Saturday, July 05, 2003

meow

I'm really not a cat person... that said I'm quite enjoying having Benny about, except for the fur that is getting everywhere (happily there are no carpets in the part of the house he's allowed in) he's really driving home how unfair it would be for me to have a dog though. Cats are supposed to be all independent, and yet he makes it very clear that he doesn't like being left alone, a dog would go out of its mind here *sigh* must find a job that lets me work from home...

Friday, July 04, 2003

Friday again

how did that happen? where did my week go?

I suspect that an unexpected jaunt on Wednesday night is responsible for this - Lora (a good friend of mine who moved away to University a couple of years ago) turned up out of the blue (as is her wont) and announced that we were going out to celebrate her birthday ("I'm 20, that's so old" - now I know how other people feel when I moan about being the ripe old age of 25!)

celebrations included a fantastic Mexican meal (paid for by Lora's incredibly lovely parents) and copious quanties of alcohol, most of which was in the form of tequilla which is an evil substance that makes patricks very drunk indeed...

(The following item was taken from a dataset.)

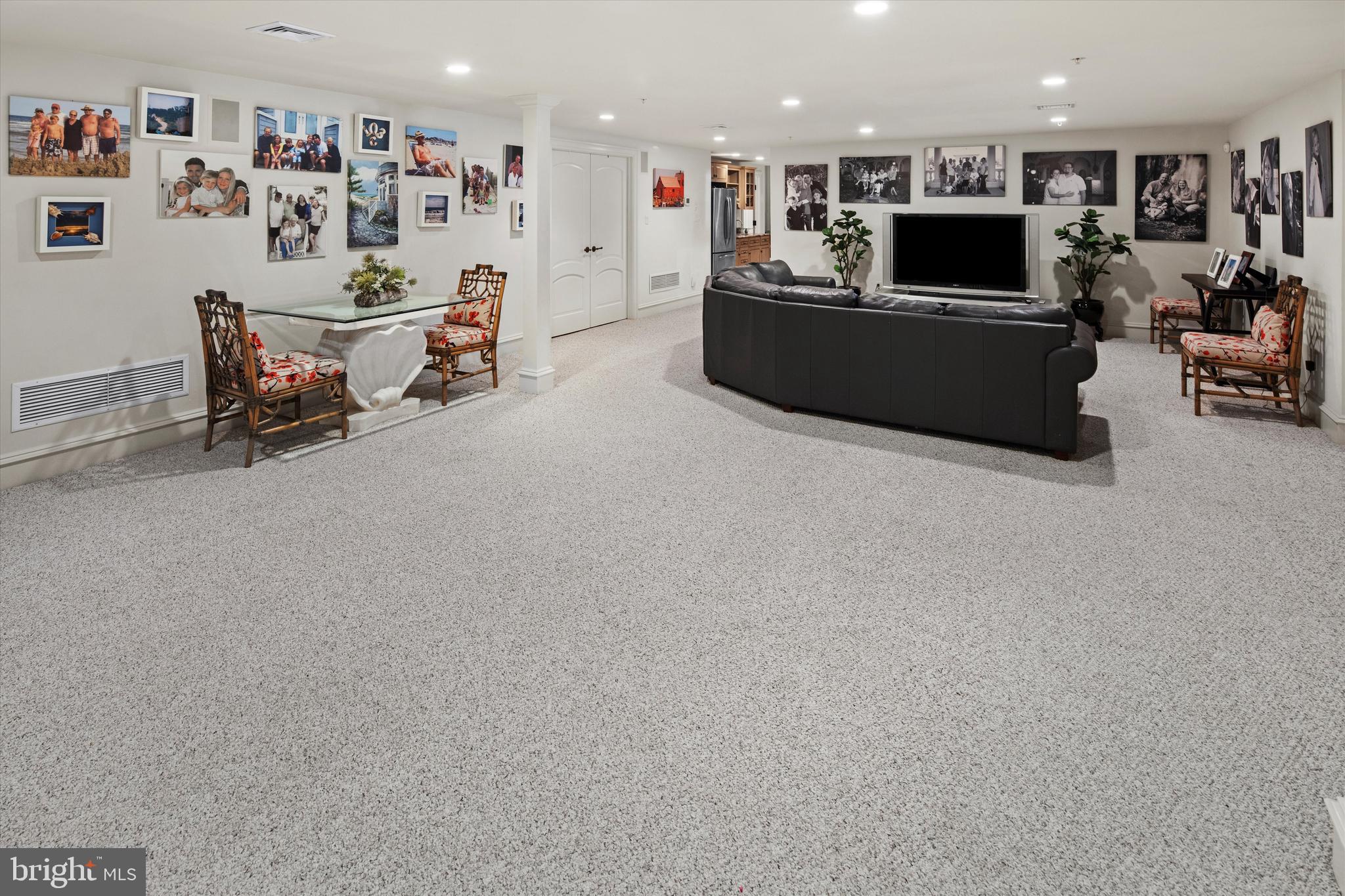 EVANS MEADOW - Residential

anyway so now I find myself at another Friday afternoon with another weekend stretching invitingly before me - 'rah! Some of the weekend will be taken up with entertaining an unexpected guest: my friend Jane's cat... anyone reading this whose eyeballs didn't just pop out at the idea of me voluntarily allowing a cat into my house, can wait for the (impending) publication of the revised 'ideas' section of splateagle.com and see what I think about cats as a species since that's what's on my mind at the moment and will almost certainly be one of the first posts.

Oddly enough, Benny isn't driving me to distraction, in fact he's quite a welcome adition to the house so far, which I guess goes to show that the rule about prejudice and the individual (something you can also expect to see linked into the ideas section very soon)

Happy Friday all!

Tuesday, July 01, 2003

sunshine on a rainy day

It's been a pretty rotten day today, for starters the Fireman on our calander isn't a patch on Mr. June, and to be honest for the 1st of July it's been quite unacceptably miserable weather too. Happily though, just now on the way home (late, of course) the day redeemed itself, and I'm starting to think that just maybe July isn't so bad after all: let me paint you a word picture...

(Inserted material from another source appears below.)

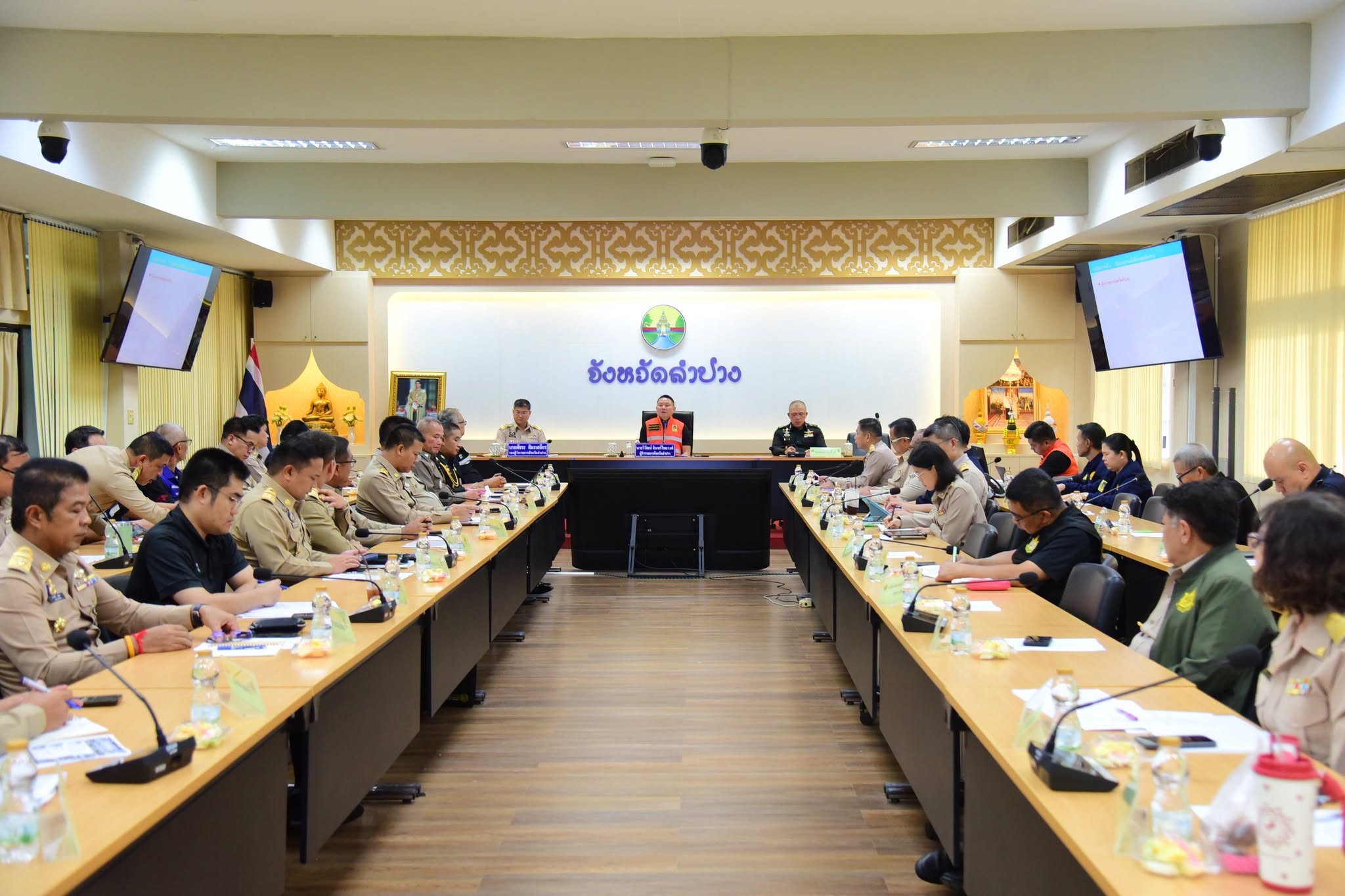 จังหวัดลำปาง ประชุม War Room ติดตามสถานการณ์อุทกภัย เตรียมพร้อมรับมือสถานการณ์ฉุกเฉิน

I'm driving (something I enjoy immensely even on the worst of days) through one of the prettier stretches of South Lanarkshire. The road is winding its usual way through the drizzle and cloud that have characterised today when the sun, on its way south for the night, peeps out from below the cloud-line illuminating the rolling green of the hills around me in that warm yellowy pink light that's usually reserved for implausable holiday brochure photographs and coffee commercials.

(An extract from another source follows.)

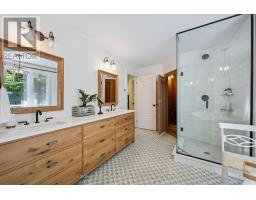 35 MONTICELLO CRESCENT - 20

It's still gently raining and the wet world around me begins to shimmer under the setting sun, as my iPod begins playing the tentative opening strains of Lemon Jelly's Lovely Weather for Ducks (which if you haven't heard, you really should).

As the track gears up to full swing with its quirkily optimistic mixture of guitars, voice, synthesiser and chirpy precussion, the sun makes its way lower into the clear patch of sky and casts its light long over the landscape, as if making up for its conspicuous absence today with one spectacular appearance.

The faintly unreal quality of the stretched out evening light throws the hillsides into sharper than natural relief, picking out their detail to the point where I can almost see individual blades of grass on fields that are miles away. As I round the bend onto the approach road for my home village, and Lemon Jelly lift Ducks into its wonderfully silly closing trumpet crescendo, the sun (now behind me) adds the finishing touch to the show with a short but brilliantly couloured rainbow which arcs up beside the railway bridge and over the fields behind, glinting briefly in the windows of my house as I pull the car onto the driveway.

Some days it is unusually good to be home.